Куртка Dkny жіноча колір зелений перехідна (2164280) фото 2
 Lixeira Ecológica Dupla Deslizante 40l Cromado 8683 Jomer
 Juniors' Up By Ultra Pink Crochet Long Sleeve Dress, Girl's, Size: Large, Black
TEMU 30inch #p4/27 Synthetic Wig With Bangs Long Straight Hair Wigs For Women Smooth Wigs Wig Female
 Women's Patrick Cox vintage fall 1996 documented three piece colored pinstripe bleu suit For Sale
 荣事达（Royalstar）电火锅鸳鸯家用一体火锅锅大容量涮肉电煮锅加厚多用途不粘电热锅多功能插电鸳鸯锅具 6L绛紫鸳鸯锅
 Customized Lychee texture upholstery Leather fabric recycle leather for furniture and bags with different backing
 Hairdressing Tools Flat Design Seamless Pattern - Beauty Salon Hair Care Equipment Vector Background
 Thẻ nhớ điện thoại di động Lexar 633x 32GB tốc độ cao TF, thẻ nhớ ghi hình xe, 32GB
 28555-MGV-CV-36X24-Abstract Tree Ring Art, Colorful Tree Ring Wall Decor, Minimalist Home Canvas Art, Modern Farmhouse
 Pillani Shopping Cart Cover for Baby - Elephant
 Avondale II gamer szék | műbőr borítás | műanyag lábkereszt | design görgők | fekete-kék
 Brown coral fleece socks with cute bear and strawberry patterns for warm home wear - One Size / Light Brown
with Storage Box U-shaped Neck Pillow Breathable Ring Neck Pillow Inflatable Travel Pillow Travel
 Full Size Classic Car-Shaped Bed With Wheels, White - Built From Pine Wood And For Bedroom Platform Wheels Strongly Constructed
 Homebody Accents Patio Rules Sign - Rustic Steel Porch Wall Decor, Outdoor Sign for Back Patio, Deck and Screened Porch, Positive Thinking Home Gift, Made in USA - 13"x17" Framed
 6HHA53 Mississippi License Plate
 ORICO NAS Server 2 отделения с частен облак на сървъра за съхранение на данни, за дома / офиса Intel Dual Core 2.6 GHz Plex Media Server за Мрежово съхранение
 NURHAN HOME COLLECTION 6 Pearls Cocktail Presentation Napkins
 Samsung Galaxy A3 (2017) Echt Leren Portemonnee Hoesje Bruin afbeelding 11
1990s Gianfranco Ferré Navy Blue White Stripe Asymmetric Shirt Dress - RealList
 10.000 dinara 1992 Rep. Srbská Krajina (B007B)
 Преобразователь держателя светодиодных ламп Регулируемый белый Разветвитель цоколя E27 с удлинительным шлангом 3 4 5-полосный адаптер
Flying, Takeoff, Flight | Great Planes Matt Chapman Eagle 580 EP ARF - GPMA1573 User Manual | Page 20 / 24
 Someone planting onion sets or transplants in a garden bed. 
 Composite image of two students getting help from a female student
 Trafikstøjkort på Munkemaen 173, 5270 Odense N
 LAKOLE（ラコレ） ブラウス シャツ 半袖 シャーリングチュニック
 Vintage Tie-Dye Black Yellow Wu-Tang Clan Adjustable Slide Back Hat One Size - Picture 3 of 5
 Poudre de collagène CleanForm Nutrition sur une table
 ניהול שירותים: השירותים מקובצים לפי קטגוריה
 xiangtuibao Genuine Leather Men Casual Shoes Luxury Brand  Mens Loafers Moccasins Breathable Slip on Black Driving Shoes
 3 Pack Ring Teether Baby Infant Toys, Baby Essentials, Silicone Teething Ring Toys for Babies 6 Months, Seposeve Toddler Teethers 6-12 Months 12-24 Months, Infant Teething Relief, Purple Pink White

★ ★ ★ ★

__Problem description__. With the line holding "LAKOLE（ラコレ） ブラウス シャツ 半袖 シャーリングチュニック" as the first and the line holding "ניהול שירותים: השירותים מקובצים לפי קטגוריה" as the last, set down that range of the entries above exactly, and nothing else.

__Task response__.
 LAKOLE（ラコレ） ブラウス シャツ 半袖 シャーリングチュニック
 Vintage Tie-Dye Black Yellow Wu-Tang Clan Adjustable Slide Back Hat One Size - Picture 3 of 5
 Poudre de collagène CleanForm Nutrition sur une table
 ניהול שירותים: השירותים מקובצים לפי קטגוריה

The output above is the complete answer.